### Input data
* * * * * * *
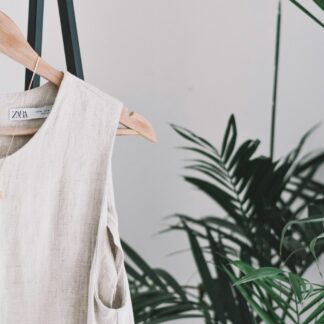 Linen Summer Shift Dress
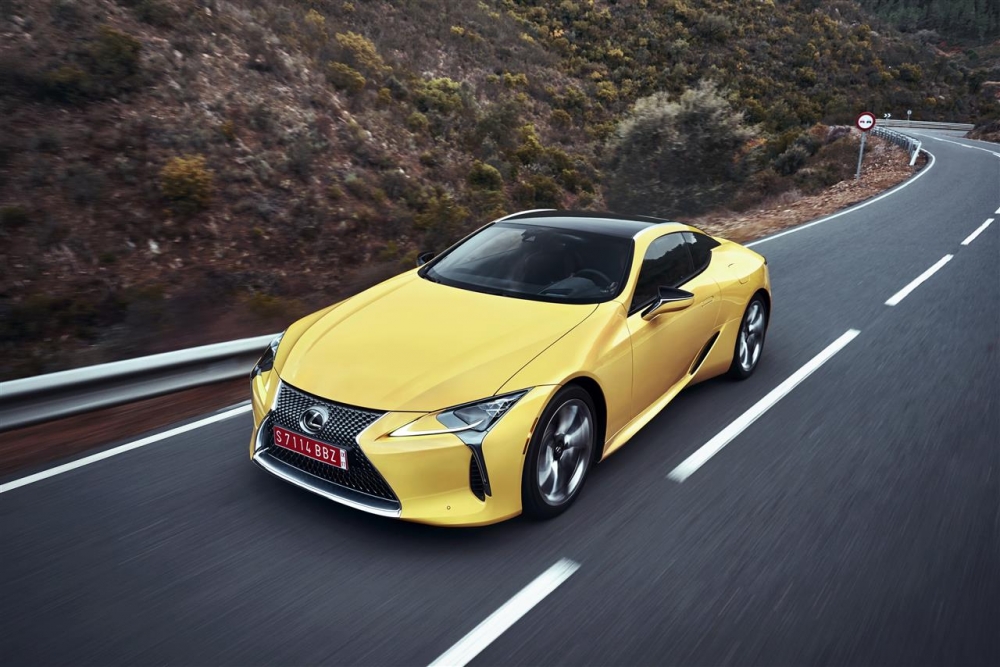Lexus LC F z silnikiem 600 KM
* * * * * * *
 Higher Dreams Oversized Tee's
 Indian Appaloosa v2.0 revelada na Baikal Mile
* * * * * * *
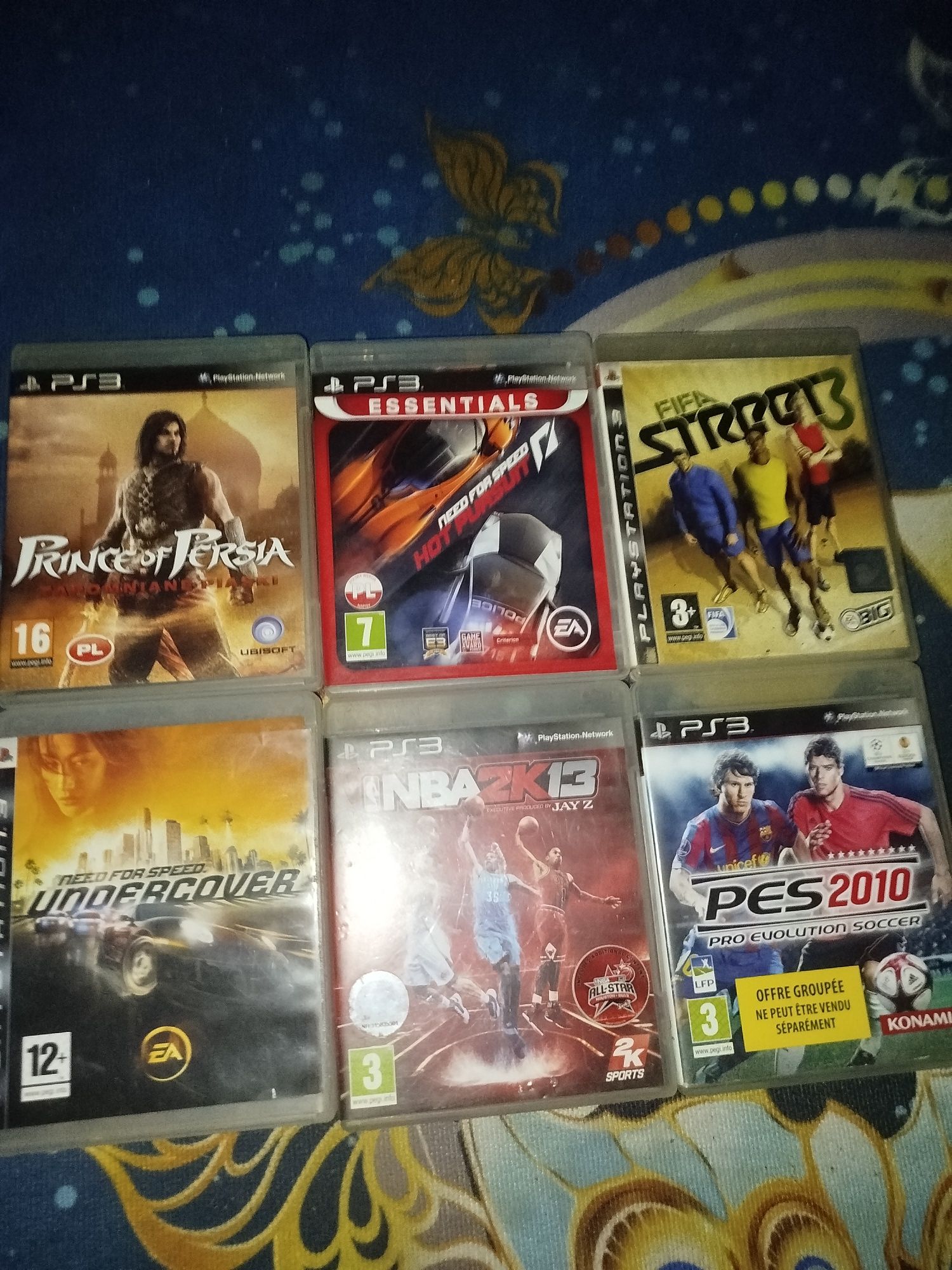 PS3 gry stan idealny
* * * * * * *
Look above for the line with "Linen Summer Shift Dress"; quote it and every line after it, stopping after the line with "Lexus LC F z silnikiem 600 KM", exactly, with nothing added and without pictures.

### Answer for the task
 Linen Summer Shift Dress
Lexus LC F z silnikiem 600 KM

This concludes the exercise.